§ **Work instruction**: Repeat the span of the entries below that starts at the line with "募集案内チラシ（PDF）" and ends at the line with "КОКАИН Fish Scale", nothing more. Skip the pictures.

§ **Excerpted records**:
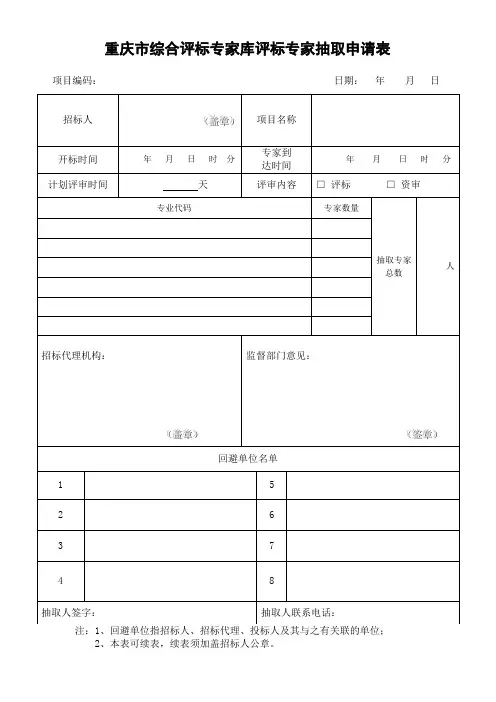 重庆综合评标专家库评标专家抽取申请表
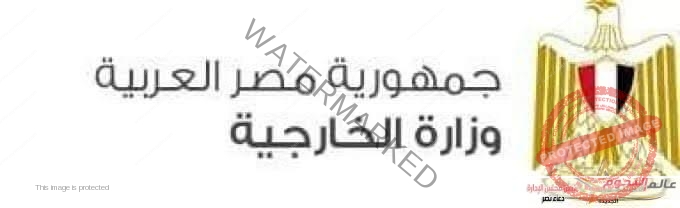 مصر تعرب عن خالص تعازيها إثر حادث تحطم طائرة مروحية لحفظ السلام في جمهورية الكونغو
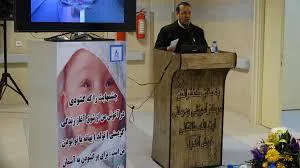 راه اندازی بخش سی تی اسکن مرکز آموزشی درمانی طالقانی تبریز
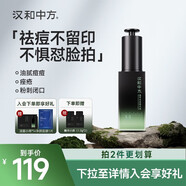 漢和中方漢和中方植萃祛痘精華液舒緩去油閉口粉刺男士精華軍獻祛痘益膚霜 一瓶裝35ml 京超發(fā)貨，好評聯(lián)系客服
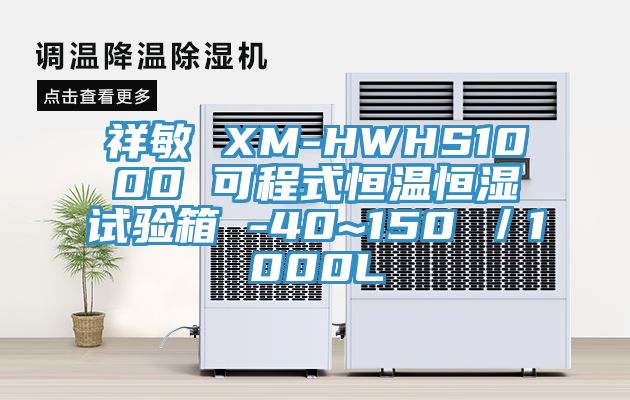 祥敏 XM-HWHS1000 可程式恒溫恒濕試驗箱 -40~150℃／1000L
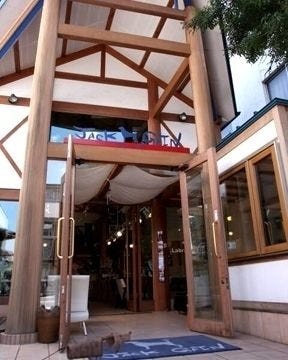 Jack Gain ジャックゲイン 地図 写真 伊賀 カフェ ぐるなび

---

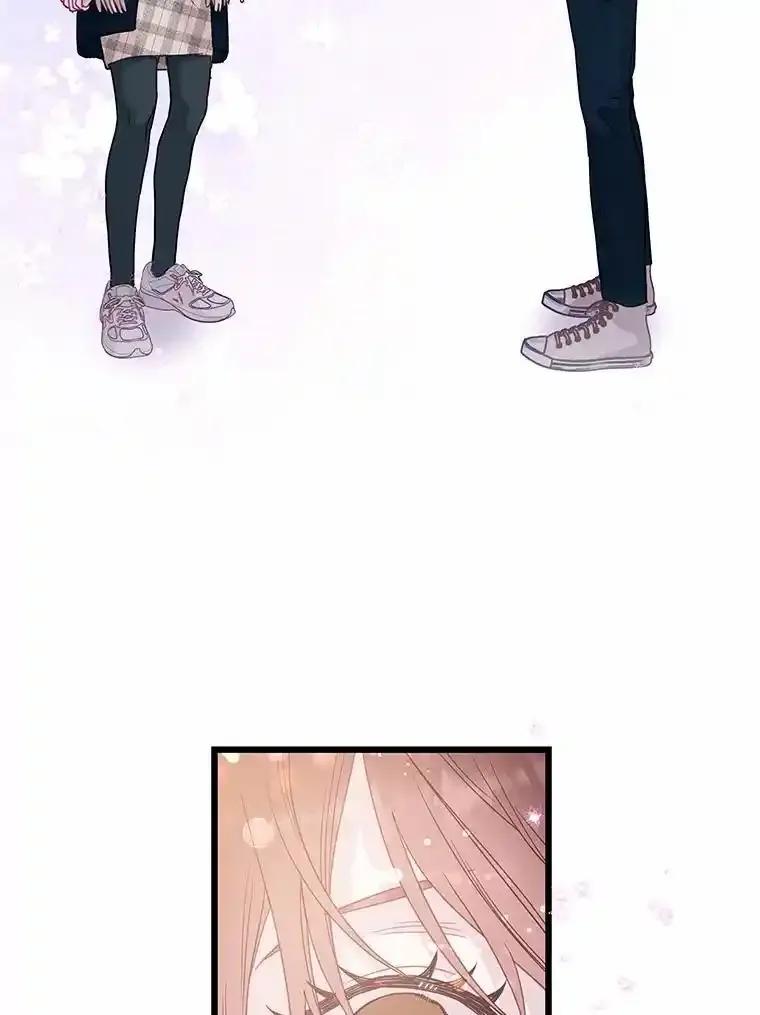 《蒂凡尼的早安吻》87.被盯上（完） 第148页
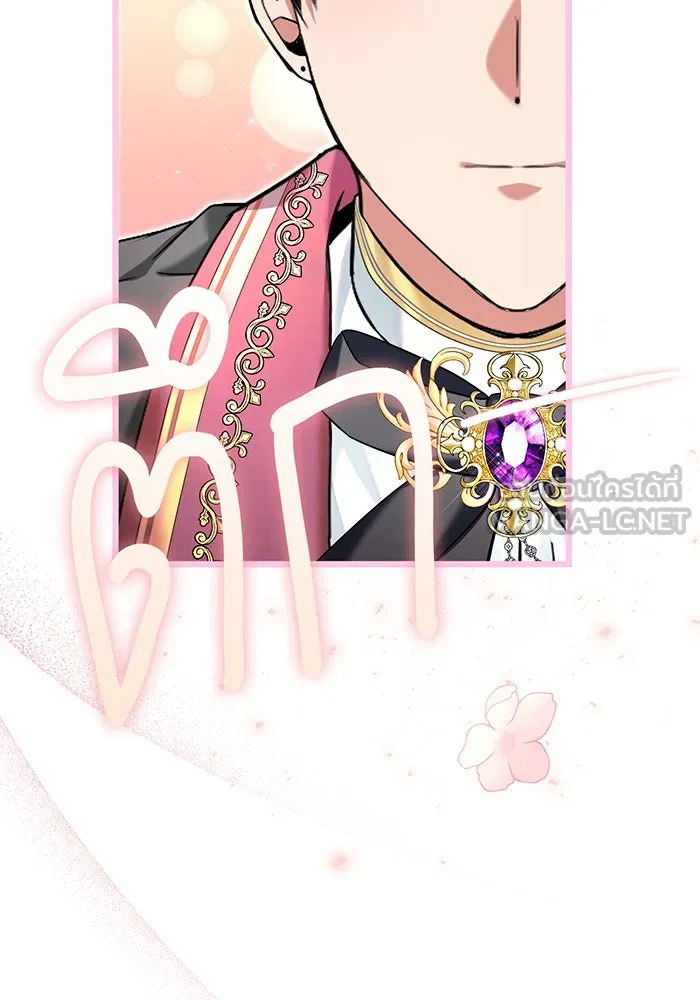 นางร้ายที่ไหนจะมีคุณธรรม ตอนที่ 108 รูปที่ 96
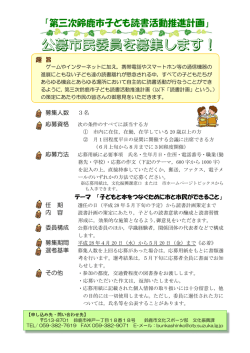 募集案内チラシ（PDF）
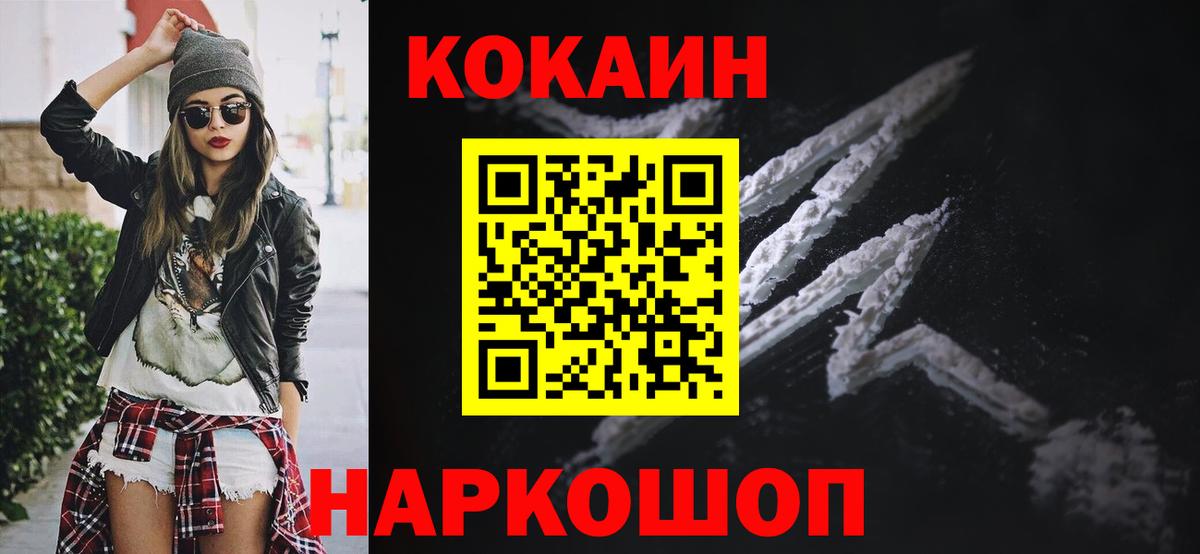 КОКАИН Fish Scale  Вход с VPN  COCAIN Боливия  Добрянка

§ **Written response**:
 募集案内チラシ（PDF）
 КОКАИН Fish Scale  Вход с VPN  COCAIN Боливия  Добрянка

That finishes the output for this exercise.